God is an Englishman ($1.99), by R. Delderfield, is one I'll be glad not to have to read in paper, as it weighs in at a hefty 659 pages!
Book Description
The first novel in the epic God Is an Englishman series, this book is a stirring saga of England in the 19th century, as the Industrial Revolution takes hold, forever changing the landscape of England and her people.
Adam Swann, scion of an army family, returns home in 1858 after service with Her Majesty's army in the Crimea and India, determined to build his fortune in the dog-eat-dog world of Victorian commerce. Swann is soon captivated by Henrietta, the high-spirited daughter of a local mill owner. As Swann works to build his name, he and Henrietta share adventures, reversal, and fortune.
A beloved novel by a beloved author, God Is an Englishman is a treasure both for Delderfield fans and the growing legion of fans of historical fiction.
The Old Man and the Wasteland ($0.99), by Nick Cole, is self-published, with a large number of reviews (over 500) that are overwhelming 4 and 5 stars.
Book Description
Forty years after the destruction of civilization...Man is reduced to salvaging the ruins of a broken world. One man’s most prized possession is Hemingway’s classic ‘The Old Man and the Sea.’ With the words of the novel echoing across the wasteland, a survivor of the Nuclear Holocaust journeys into the unknown to break a curse.
What follows is an incredible tale of survival and endurance. One man must survive the desert wilderness and mankind gone savage to discover the truth of Hemingway’s classic tale of man versus nature. Part Hemingway, part Cormac McCarthy’s The Road, a suspenseful odyssey into the dark heart of the Post-Apocalyptic American southwest.
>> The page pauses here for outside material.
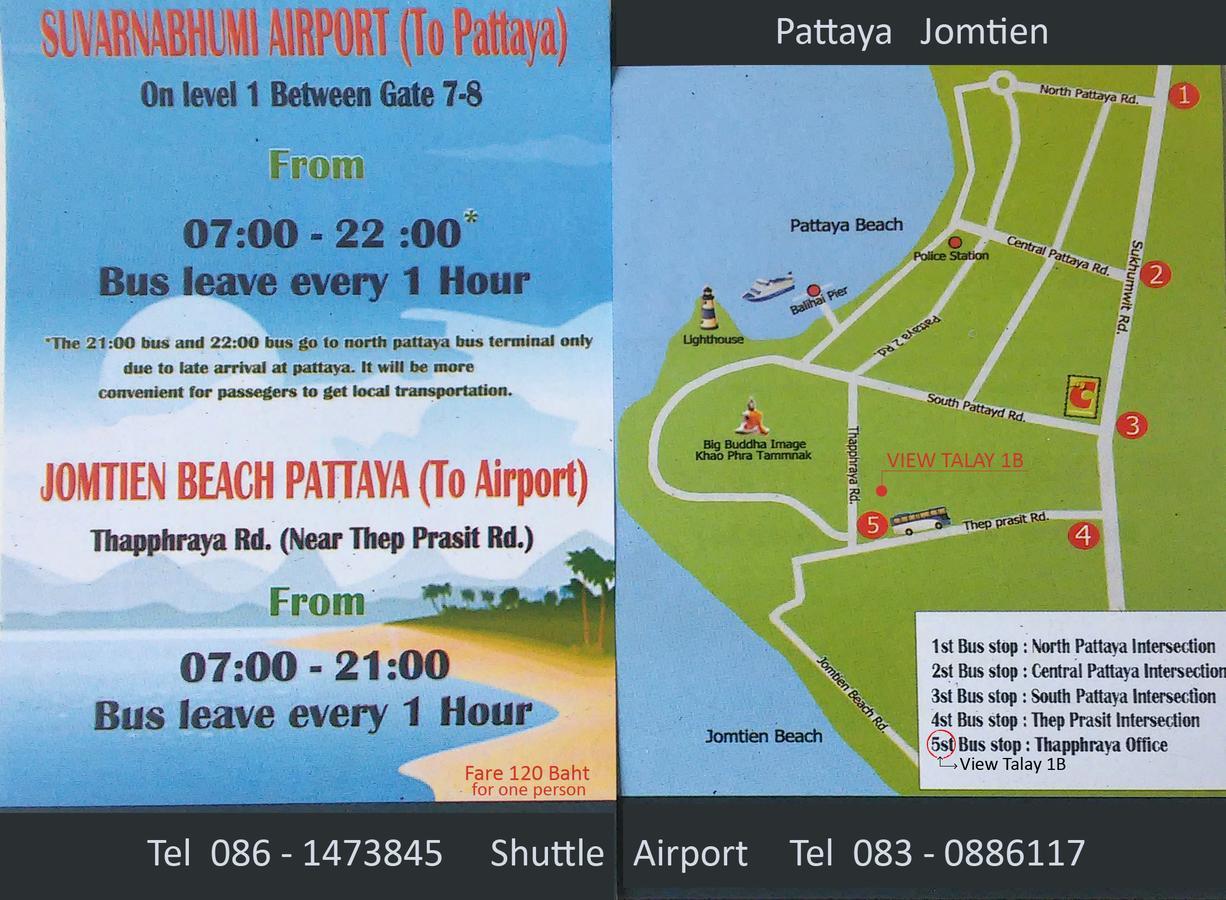 View Talay 2 Suite Apartments Praia de Jomtien Exterior foto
A book lover’s action flick.
If you liked Suzanne Collins' The Hunger Games ($4.69; KLL) or are looking for a title for a slightly younger reader, you might want to check out Gregor the Overlander ($4.99), which kicks off her The Underland Chronicles series for early teens (although the best deal is still the Gregor the Overlander Collection, which contains all five books for $19.22).
Book Description
This irresistible first novel tells the story of a quiet boy who embarks on a dangerous quest in order to fulfill his destiny -- and find his father -- in a strange world beneath New York City.
When Gregor falls through a grate in the laundry room of his apartment building, he hurtles into the dark Underland, where spiders, rats, cockroaches coexist uneasily with humans. This world is on the brink of war, and Gregor's arrival is no accident. A prophecy foretells that Gregor has a role to play in the Underland's uncertain future. Gregor wants no part of it -- until he realizes it's the only way to solve the mystery of his father's disappearance. Reluctantly, Gregor embarks on a dangerous adventure that will change both him and the Underland forever.
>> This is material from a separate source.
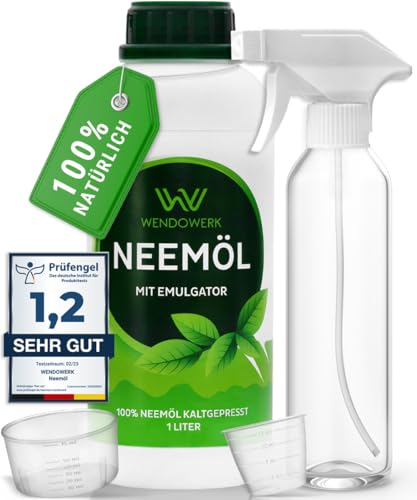 WENDOWERK® Neemöl [1000ml] - Inkl. Sprühflasche...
For those who can't do pre-orders or want to sample first, What It Was, by George Pelecanos, has shipped and it is still 99 cents on Kindle and from B&N.
Book Description
It isn't just the mid-list authors that are releasing their backlist and short stories on their own. Lawrence Block has released a large number of short stories in the 99 cent price range, along with an anthology of two novelettes, a collection of columns on stamps and seven novels being released by Open Road, all at $2.99 (for now).
The Burglar Who Dropped In On Elvis ($0.99)
Between 1977 and 1983, I wrote and published five books about the lighthearted and lightfingered Bernard Grimes Rhodenbarr, with his secondhand bookstore and his dogwashing buddy, Carolyn. It was 1994 before a sixth Burglar book came along, but by then I’d written a pair of short stories about our lad.
The first, “Like a Thief in the Night,” was exceptional in that it’s told from the point of view of the young woman who walks in on Bernie while he’s burgling a suite of midtown offices. (She’s pretty and personable, and he’s Bernie, so everything works out just fine.) A few years later I was holed up at a writers colony in Virginia with time on my hands, and a whole batch of short stories was the happy result. One was this one, in which Bernie’s enlisted by a supermarket tabloid to take forbidden photos at Graceland.
That same stint in Virginia also yielded “Answers to Soldier,” about a hit man on a job in a small city in Oregon. Each story went straight to Alice Turner at Playboy, who bought them both. A couple of years later I found I had more to say about that hit man, whose name was Keller; there have now been four books about him, and I suspect there’ll be at least one more to come. And as for Bernie, there have been five more books, making a total of ten. And there’s been one more short story, “The Burglar Who Smelled Smoke.” And every once in a while an entire day goes by without someone asking me when I’m going to write another book about the fellow…
Afterthoughts ($0.99)
A collection of afterwords from Mystery Writers of America Grand Master Lawrence Block’s most acclaimed works
In a career spanning more than fifty years, Lawrence Block has produced over one hundred books, ranging in genre from hard-boiled detective stories to pseudonymous erotica. Collected here for the first time are more than forty-five afterwords from the works that made him a master of modern fiction.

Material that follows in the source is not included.